[Extracted records]
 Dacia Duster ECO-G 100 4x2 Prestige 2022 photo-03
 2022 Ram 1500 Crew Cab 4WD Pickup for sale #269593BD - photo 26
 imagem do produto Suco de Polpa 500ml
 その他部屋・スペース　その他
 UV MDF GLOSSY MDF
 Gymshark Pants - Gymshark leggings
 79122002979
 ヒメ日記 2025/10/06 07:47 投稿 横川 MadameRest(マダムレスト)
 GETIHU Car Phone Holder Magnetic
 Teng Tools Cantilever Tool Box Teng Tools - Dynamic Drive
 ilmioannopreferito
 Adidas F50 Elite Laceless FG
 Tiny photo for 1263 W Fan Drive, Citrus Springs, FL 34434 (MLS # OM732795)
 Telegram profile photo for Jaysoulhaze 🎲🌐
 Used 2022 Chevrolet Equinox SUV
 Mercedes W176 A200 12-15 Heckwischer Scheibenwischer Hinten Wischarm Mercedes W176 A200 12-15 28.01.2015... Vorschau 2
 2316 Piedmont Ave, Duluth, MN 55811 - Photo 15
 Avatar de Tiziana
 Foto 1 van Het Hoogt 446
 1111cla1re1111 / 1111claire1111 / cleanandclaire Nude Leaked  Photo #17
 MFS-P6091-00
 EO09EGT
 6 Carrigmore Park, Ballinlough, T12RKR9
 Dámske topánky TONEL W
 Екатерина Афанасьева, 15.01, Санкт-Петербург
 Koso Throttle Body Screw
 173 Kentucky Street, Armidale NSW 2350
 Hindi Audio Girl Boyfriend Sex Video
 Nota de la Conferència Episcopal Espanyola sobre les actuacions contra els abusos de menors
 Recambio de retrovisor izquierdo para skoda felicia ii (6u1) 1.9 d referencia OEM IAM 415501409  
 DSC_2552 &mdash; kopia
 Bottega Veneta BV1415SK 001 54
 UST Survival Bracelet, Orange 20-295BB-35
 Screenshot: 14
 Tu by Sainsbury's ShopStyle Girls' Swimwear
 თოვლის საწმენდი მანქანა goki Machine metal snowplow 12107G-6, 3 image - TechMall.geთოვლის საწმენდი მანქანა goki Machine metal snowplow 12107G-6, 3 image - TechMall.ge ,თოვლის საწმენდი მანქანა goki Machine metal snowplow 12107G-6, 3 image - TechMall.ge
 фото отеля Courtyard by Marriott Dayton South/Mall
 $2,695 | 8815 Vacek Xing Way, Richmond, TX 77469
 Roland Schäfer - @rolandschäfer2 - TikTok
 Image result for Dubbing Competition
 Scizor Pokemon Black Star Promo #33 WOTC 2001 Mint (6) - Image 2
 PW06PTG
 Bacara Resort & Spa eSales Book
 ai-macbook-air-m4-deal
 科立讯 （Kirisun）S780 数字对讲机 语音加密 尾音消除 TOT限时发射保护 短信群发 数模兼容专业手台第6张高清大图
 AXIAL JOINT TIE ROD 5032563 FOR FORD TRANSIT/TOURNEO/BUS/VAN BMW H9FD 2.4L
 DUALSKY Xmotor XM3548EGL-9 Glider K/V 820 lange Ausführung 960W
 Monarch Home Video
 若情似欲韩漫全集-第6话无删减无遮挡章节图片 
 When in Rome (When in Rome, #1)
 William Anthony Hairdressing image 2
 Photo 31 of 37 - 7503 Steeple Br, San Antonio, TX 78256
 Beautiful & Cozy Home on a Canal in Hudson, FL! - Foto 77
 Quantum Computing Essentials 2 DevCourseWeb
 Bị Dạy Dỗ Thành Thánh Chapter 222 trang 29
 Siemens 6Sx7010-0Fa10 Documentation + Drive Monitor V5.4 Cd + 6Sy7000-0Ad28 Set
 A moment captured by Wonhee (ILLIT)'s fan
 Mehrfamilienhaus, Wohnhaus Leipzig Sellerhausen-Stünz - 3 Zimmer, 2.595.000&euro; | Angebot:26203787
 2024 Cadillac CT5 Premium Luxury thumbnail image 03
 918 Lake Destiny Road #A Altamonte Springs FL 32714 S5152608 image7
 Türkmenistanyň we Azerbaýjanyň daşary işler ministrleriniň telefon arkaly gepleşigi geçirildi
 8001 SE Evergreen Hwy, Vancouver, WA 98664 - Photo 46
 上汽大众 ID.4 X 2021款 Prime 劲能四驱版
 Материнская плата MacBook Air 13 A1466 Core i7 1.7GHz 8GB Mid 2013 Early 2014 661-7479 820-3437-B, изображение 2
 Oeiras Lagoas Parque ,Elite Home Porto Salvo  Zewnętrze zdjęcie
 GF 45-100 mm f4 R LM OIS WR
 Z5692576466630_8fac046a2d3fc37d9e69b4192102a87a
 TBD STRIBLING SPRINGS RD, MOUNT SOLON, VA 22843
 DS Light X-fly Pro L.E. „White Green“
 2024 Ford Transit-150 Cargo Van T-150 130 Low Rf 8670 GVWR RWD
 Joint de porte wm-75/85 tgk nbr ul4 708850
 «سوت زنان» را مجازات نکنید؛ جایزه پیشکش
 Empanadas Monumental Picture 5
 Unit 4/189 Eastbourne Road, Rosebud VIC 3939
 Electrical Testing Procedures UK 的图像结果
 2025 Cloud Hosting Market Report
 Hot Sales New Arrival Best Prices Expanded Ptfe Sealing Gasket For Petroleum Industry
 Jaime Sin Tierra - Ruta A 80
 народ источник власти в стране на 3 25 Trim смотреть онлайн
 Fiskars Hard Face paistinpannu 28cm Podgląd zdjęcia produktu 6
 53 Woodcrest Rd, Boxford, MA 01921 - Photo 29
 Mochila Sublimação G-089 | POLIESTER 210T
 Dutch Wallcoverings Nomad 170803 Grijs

REQUIRED WORK>
If a line in the entries contains "Foto", copy it.

THE COMPLETED TASK>
 Foto 1 van Het Hoogt 446
 Beautiful & Cozy Home on a Canal in Hudson, FL! - Foto 77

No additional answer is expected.